Data for this exercise:
== == ==
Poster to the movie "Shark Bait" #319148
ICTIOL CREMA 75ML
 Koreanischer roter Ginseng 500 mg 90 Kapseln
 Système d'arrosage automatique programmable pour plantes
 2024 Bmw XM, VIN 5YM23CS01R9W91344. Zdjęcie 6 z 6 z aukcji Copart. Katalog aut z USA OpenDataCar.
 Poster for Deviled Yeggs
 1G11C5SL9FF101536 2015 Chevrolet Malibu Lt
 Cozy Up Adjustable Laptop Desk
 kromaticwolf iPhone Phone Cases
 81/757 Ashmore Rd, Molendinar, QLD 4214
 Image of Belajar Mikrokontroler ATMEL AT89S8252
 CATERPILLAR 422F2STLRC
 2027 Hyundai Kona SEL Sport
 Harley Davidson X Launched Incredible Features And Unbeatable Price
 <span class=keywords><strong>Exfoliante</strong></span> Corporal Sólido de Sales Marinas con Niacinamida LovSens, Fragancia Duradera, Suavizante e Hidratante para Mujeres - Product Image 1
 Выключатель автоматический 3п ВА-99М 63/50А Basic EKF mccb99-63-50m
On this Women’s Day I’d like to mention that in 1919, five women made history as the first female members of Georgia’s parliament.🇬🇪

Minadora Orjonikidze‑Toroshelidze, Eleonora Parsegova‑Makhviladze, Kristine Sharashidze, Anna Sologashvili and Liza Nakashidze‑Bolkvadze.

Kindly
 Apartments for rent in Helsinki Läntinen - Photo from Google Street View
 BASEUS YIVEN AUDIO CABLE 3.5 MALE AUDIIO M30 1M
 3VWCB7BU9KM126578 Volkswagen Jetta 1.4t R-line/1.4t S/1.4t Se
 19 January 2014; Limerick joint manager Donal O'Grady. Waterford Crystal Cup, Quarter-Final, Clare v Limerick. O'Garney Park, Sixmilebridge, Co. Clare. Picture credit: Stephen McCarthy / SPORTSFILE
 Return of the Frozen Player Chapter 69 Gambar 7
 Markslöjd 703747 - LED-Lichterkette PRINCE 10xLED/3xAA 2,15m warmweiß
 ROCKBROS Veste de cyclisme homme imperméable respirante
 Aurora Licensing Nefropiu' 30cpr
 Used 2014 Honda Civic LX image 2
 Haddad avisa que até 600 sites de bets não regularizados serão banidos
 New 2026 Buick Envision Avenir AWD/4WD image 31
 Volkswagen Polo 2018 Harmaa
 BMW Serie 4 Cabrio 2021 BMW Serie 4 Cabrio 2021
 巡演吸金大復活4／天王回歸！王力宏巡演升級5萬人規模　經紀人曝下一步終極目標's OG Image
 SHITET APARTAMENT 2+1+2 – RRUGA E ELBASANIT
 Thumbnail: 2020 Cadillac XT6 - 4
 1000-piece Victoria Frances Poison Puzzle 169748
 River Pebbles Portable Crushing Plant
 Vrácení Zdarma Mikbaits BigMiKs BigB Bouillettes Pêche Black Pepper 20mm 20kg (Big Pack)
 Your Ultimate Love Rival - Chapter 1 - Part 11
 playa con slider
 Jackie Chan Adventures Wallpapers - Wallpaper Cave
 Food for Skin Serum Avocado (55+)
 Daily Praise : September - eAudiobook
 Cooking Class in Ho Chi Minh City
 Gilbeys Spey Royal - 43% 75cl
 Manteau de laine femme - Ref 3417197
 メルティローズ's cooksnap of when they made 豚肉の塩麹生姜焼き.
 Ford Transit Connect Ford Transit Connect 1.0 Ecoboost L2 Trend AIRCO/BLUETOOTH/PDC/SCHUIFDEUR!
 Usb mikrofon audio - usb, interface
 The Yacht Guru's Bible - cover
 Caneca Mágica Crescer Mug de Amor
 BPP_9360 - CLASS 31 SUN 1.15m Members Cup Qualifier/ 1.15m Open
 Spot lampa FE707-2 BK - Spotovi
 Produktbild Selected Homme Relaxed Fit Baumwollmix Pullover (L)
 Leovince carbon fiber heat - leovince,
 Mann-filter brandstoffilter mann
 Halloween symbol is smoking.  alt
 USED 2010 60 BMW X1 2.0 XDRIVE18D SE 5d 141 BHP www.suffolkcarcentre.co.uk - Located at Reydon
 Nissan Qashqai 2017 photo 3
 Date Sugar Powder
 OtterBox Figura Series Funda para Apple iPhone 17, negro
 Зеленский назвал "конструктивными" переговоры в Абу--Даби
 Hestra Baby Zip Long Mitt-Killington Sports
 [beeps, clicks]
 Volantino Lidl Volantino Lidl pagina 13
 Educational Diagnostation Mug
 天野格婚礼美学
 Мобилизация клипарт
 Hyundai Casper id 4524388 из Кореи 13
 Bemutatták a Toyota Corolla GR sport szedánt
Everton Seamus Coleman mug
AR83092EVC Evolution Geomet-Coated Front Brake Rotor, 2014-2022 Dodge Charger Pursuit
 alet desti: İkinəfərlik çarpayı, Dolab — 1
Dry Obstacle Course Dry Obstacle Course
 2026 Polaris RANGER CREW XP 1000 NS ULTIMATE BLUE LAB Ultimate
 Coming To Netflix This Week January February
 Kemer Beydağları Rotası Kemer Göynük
== == ==
What you need to do: The line containing "メルティローズ's cooksnap of" and each line after it through the end of the listing above must be printed exactly, with nothing added.

Result below:
 メルティローズ's cooksnap of when they made 豚肉の塩麹生姜焼き.
 Ford Transit Connect Ford Transit Connect 1.0 Ecoboost L2 Trend AIRCO/BLUETOOTH/PDC/SCHUIFDEUR!
 Usb mikrofon audio - usb, interface
 The Yacht Guru's Bible - cover
 Caneca Mágica Crescer Mug de Amor
 BPP_9360 - CLASS 31 SUN 1.15m Members Cup Qualifier/ 1.15m Open
 Spot lampa FE707-2 BK - Spotovi
 Produktbild Selected Homme Relaxed Fit Baumwollmix Pullover (L)
 Leovince carbon fiber heat - leovince,
 Mann-filter brandstoffilter mann
 Halloween symbol is smoking.  alt
 USED 2010 60 BMW X1 2.0 XDRIVE18D SE 5d 141 BHP www.suffolkcarcentre.co.uk - Located at Reydon
 Nissan Qashqai 2017 photo 3
 Date Sugar Powder
 OtterBox Figura Series Funda para Apple iPhone 17, negro
 Зеленский назвал "конструктивными" переговоры в Абу--Даби
 Hestra Baby Zip Long Mitt-Killington Sports
 [beeps, clicks]
 Volantino Lidl Volantino Lidl pagina 13
 Educational Diagnostation Mug
 天野格婚礼美学
 Мобилизация клипарт
 Hyundai Casper id 4524388 из Кореи 13
 Bemutatták a Toyota Corolla GR sport szedánt
Everton Seamus Coleman mug
AR83092EVC Evolution Geomet-Coated Front Brake Rotor, 2014-2022 Dodge Charger Pursuit
 alet desti: İkinəfərlik çarpayı, Dolab — 1
Dry Obstacle Course Dry Obstacle Course
 2026 Polaris RANGER CREW XP 1000 NS ULTIMATE BLUE LAB Ultimate
 Coming To Netflix This Week January February
 Kemer Beydağları Rotası Kemer Göynük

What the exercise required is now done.